Abstract:
Drowsiness while driving is common problem in the world. Especially, during long distance drives when a person is alone. A number of commercial solutions are available in the industry. In this small project, an attempt has been made to develop an efficient solution in this regard. We can use this application to detect drowsiness while driving; it can help us to avoid crashes caused by fatigue by alarming drivers to take a break in time.

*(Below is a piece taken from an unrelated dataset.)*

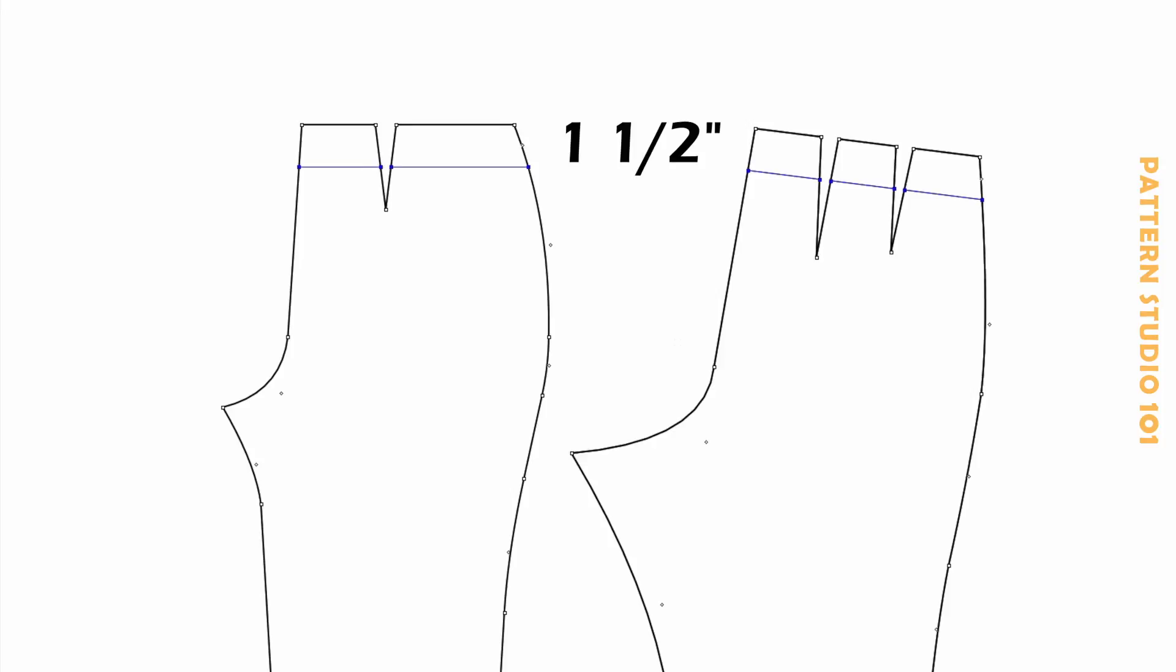This is my pants, front and back. I am going to lower the waistline first. One inch and a half, both front and back.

In this product, we measure physical activities like eye blinking (open/close state of eyes), duration in which eye remained close, sagging posture, and leaning of head. We can set a threshold value for each posture and when the threshold value crosses the limit, an alert (in this case a siren) blows out.
Flow of the Application:
- Consider a person who is driving a car and a drowsiness detection enabled cam is fixed on the cars’ dashboard, where his face can be viewed properly. Here we have used dlib to detect facial landmark as shown in figure 1 below:
Figure 1: Facial Landmark detection
- In the second stage, it identifies the eye region by using the eye aspect ratio (EAR) [1]. In this work, the authors proposed a fast and reliable method to detect eye blinking. It estimates the landmark positions, extracts a single scalar quantity – eye aspect ratio (EAR) – characterizing the eye-opening in each frame. Further, an SVM classifier detects eye blinks as a pattern of EAR values in a short temporal window.
Figure 2: Eye detection
- In the third stage we will incorporate a condition that if the eyes remains closed for more than 5 secs (editable), a sound will be alarmed. This is done by calculating the Eucledian distance if the eyes are closed for a period of time. It compute the euclidean distance between the horizontal eye landmark (x, y)-coordinates
- In our case we monitor the eye aspect ratio and if it falls and does not increase again, it means person has fallen asleep.
Figure 3: Eyes closed
Platform Specifications used:
- Language: Python
- Libraries: OpenCV, dlib
- Classifiers: SVM
Other Potential Applications:
- Attention detection during online/video conferences
- Watchman during night duties
Demo Video:
References:
[1] Soukupová, Tereza and Jan Cech. “Real-Time Eye Blink Detection using Facial Landmarks.” (2016).